Des défis logistiques et sécuritaires
L’organisation de ces élections partielles se heurte à des défis logistiques inévitables dans un pays aussi vaste que le Tchad, où l’accès à certaines zones reste limité en raison des conditions climatiques et des tensions sécuritaires dans les régions frontalières du Darfour et du bassin du lac Tchad.

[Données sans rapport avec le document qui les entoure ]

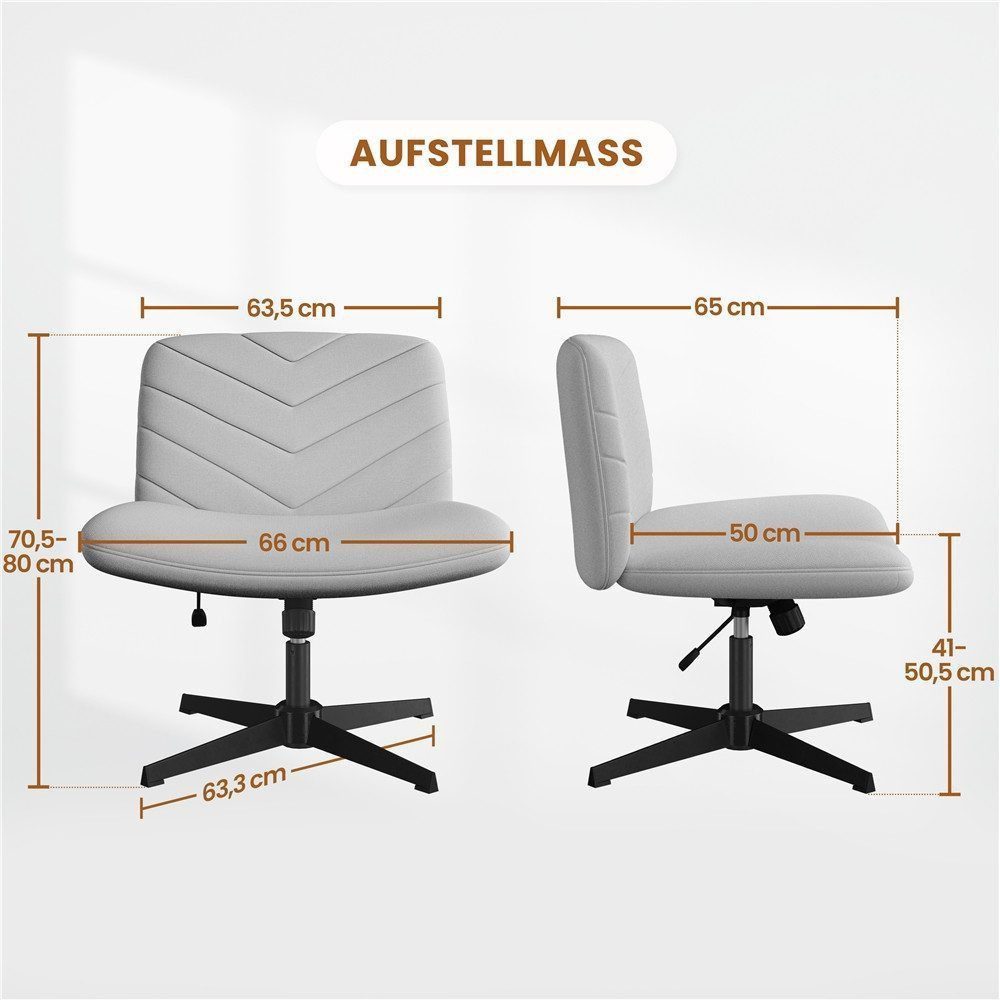 Yaheetech Drehstuhl Höhenverstellbarer Polstersessel, Schreibtischstuhl mit breitem Sitzkissen, 360° drehbar – Bild 4 von 5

L’ANGE a prévu le déploiement anticipé du matériel électoral et la formation d’agents supplémentaires dans les départements concernés.
Un signal de consolidation démocratique
Pour le gouvernement de N’Djaména, la tenue régulière de ces scrutins partiels constitue un signal positif adressé aux partenaires internationaux quant au respect du calendrier constitutionnel. La communauté internationale, notamment l’Union africaine et l’Union européenne, qui ont accompagné la transition tchadienne, scruteront ces élections comme un test de la solidité des institutions démocratiques naissantes. Les résultats sont attendus dans les 48 heures suivant le scrutin.